You are viewing a plain text version of this content. The canonical link for it is here.

Posted to solr-user@lucene.apache.org by "Vish D." <vi...@gmail.com> on 2006/06/23 15:33:21 UTC

Faceted Browsing questions

Hi all,

I am trying to figure out how I can have some type of faceted browsing
working. I am also in need of a way to get a list of unique field values
within a query's results set (for filtering, etc...). When I say trying, I
mean having it up and running without much coding, b/c of time reasons. I
would most definitely be involved in some customizing just because of the
nature of the data I am working with. I have searched through the mailing
list and seen some posts mentioning BitSets DocSets, etc.., but wasn't clear
on if those are already built into the solr's nightly builds (I don't see
any documentation either on the wiki, or online). Can some please steer me
towards the right direction to have the above up in the short time?

Thanks a lot!

Vish

Re: Faceted Browsing questions

Posted by Erik Hatcher <er...@ehatchersolutions.com>.

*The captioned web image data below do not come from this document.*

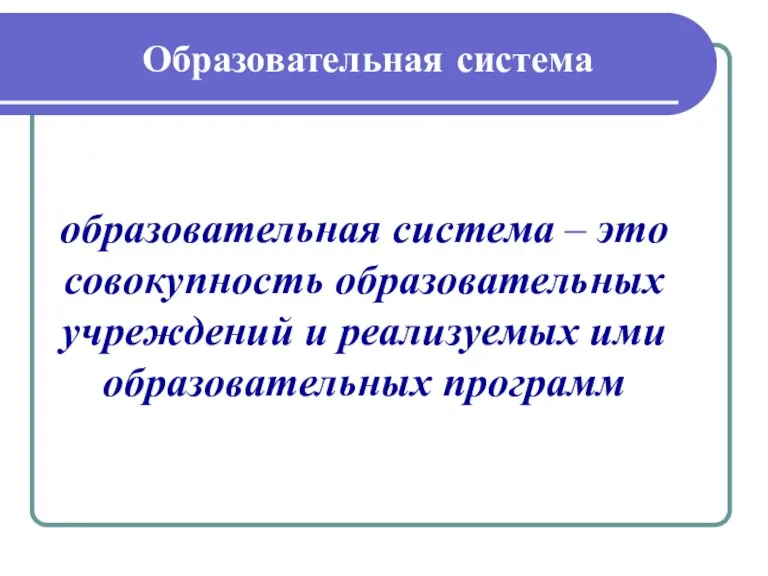 Образовательная система образовательная система – это совокупность образовательных учреждений и реализуемых ими образовательных программ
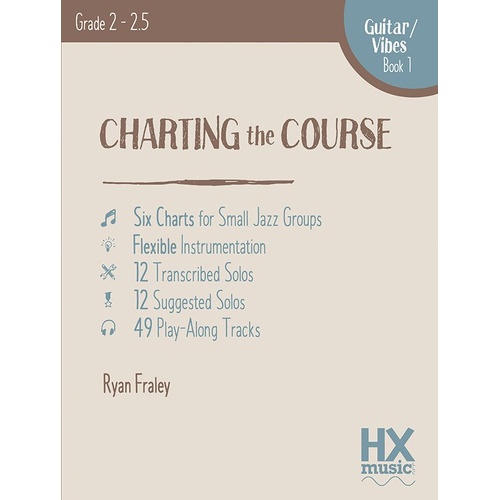 Charting the Course - Guitar/Vibes Book 1 by Ryan Fraley, HXmusic, 54 Pages, Grade 2-2.5, 12 Transcribed Solos, 49 Play-Along Tracks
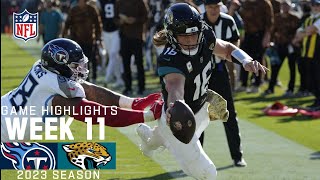 Tennessee Titans vs Jacksonville Jaguars  2023 Week 11 Game Highlights [upl. by Lurline]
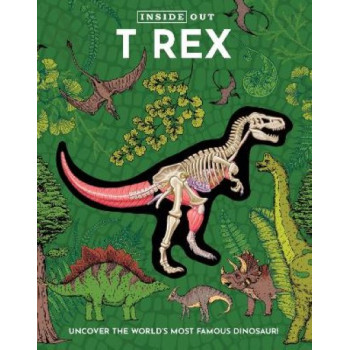 Inside Out T Rex: Uncover the World's Most Famous Dinosaur!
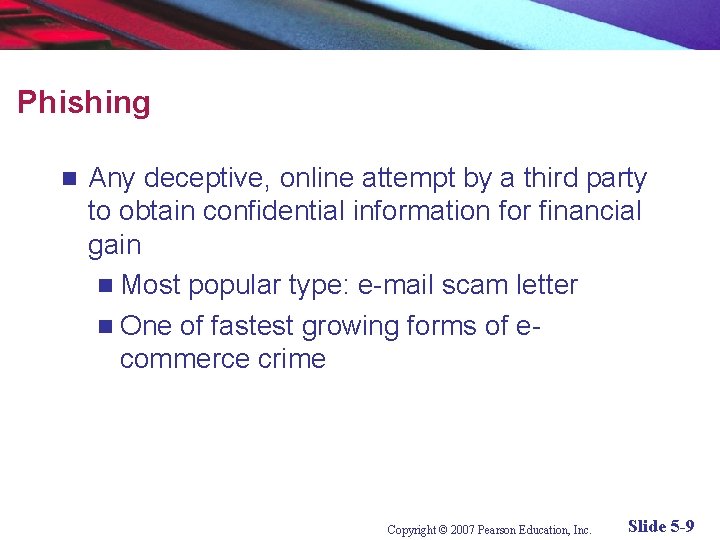 Phishing n Any deceptive, online attempt by a third party to obtain confidential information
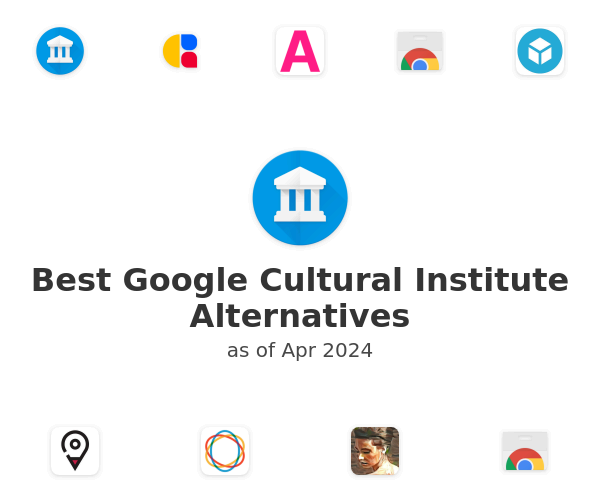 Best Google Cultural Institute Alternatives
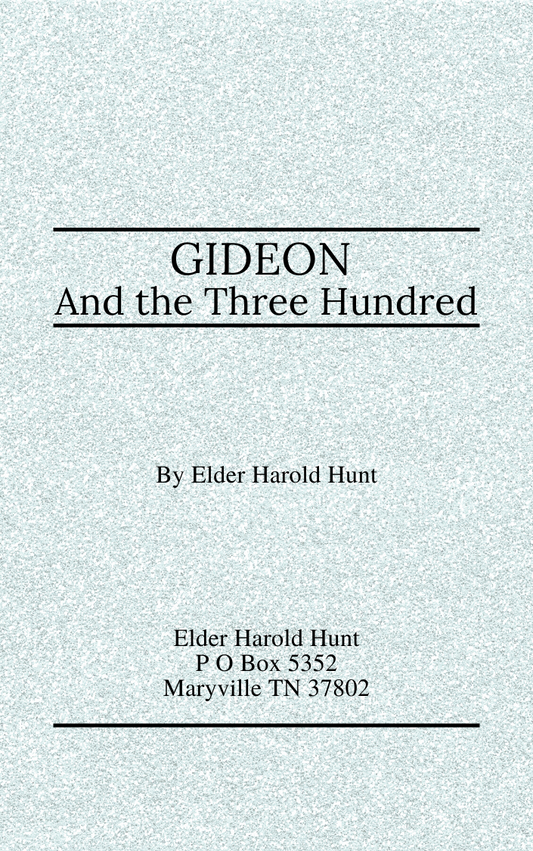 GIDEON And the Three Hundred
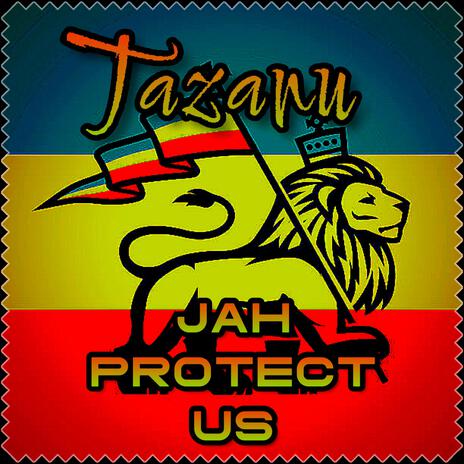 Jah Protect Us | Boomplay Music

On Jun 29, 2006, at 12:30 AM, Vish D. wrote:
> Any update on your progress? Eager to get my hands on on your  
> latest code...
> :=)

It's all in our Subversion repository:

	<http://sourceforge.net/projects/patacriticism>

Sorry I didn't announce it, but we do have a patacriticism- 
development e-mail list that you can subscribe to for commit messages.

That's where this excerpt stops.